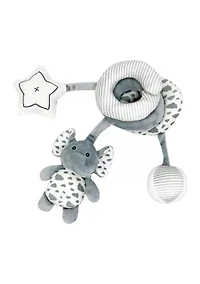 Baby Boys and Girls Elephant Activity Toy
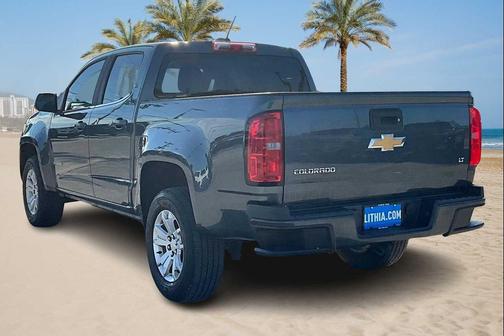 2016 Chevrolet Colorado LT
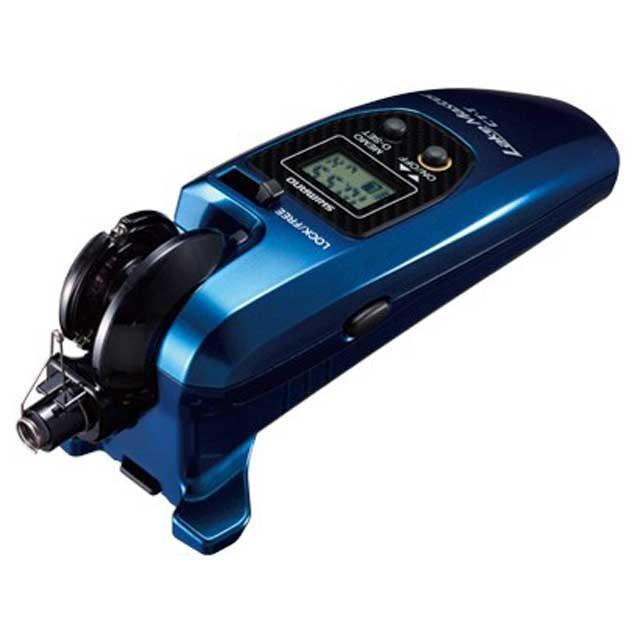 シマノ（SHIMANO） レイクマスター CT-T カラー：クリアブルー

--

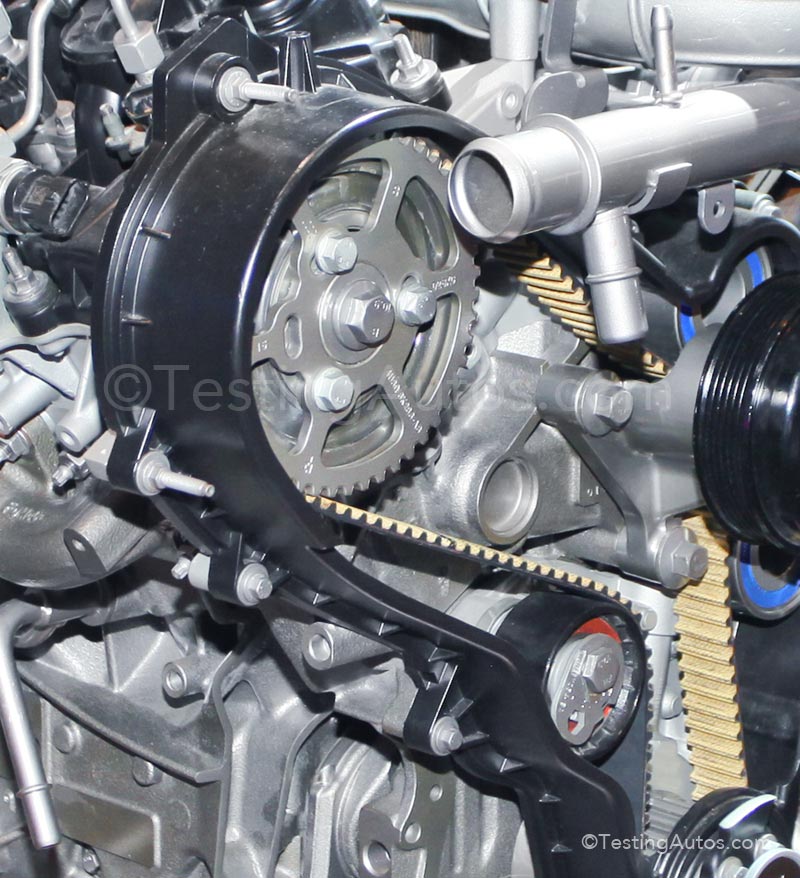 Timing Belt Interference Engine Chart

*Required action*: Among the records above, locate the line containing "Baby Boys and Girls Elephant Activity Toy" and the line containing "シマノ（SHIMANO） レイクマスター CT-T カラー：クリアブルー", then transcribe exactly the lines starting at the first and ending at the second, with no pictures.

*Solved exercise*:
 Baby Boys and Girls Elephant Activity Toy
 2016 Chevrolet Colorado LT
 シマノ（SHIMANO） レイクマスター CT-T カラー：クリアブルー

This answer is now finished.